The Eid al-Fitr, which marks the end of the holy month of Ramadan, is expected to start on Sunday and last for three days. The statement said the ceasefire would start Saturday.
Abdul-Malik al-Houthi, leader of the rebels of the Shiite Zaydi Muslim sect in Saada and Amran provinces said they were ready to halt the fighting and called on the government to release prisoners held for four years.
A statement on the rebels' website said that on Friday the army had carried out three air raids and blown up houses in Saada city, which is under government control.
Around 87 people died on Wednesday in an air raid at a makeshift camp for displaced persons in Saada province, and two days earlier a market in the town of al-Talh was bombed.
The incidents met with wide condemnation from aid organizations and Yemeni rights groups.

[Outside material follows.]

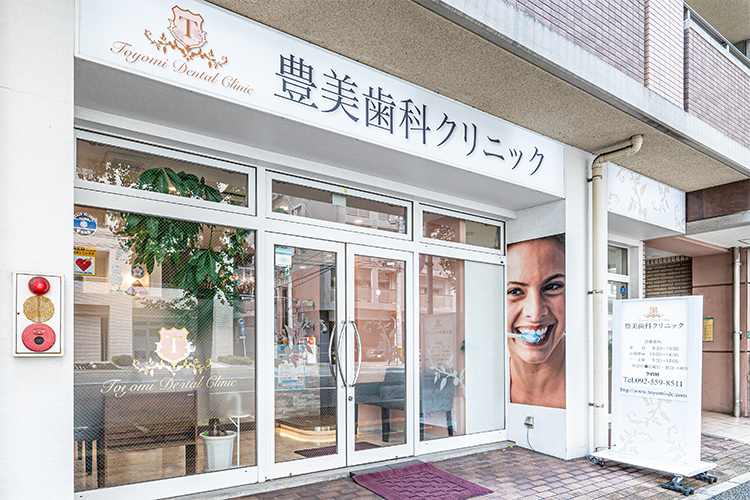豊美歯科クリニック 福岡市南区 西鉄天神大牟田線「高宮駅」より徒歩5分の場所に位置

The United Nations top human rights official called on Yemen to carry out its obligation to civilians.
Accusations of war crimes
The leader of the former south Yemen republic -- exiled after a war with President Ali Abdullah Saleh's forces in 1994 -- told a gathering of southern separatists that Saleh's government had committed a war crime.

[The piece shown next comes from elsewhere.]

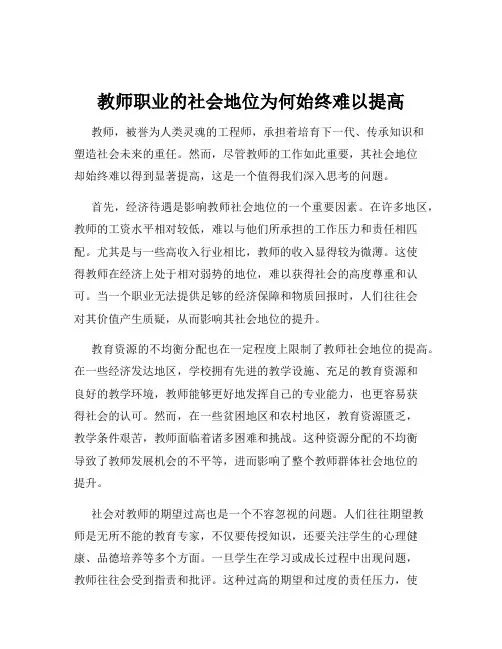 教师职业的社会地位为何始终难以提高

The government accuses the rebels of seeking to restore the Zaydi Shiite imamate which was overthrown in a 1962 coup that sparked eight years of civil war.
The government in Sanaa says the rebels, referred to as Houthis after their clan leaders, want to restore a Shiite state that fell in the 1960s.
The army launched operation Scorched Earth against the rebels on Aug. 11, and relief groups warned of worsening humanitarian conditions among the tens of thousands of civilians forced from their homes by the fighting.
U.N. aid agencies say around 150,000 people have been made refugees since the fighting first began in 2004. They launched an appeal in Geneva last month for $23.5 million to help Yemen. Thousands are staying in tented camps in mountainous territory.
Media have had difficulty accessing the conflict zone and verifying conflicting reports from each side.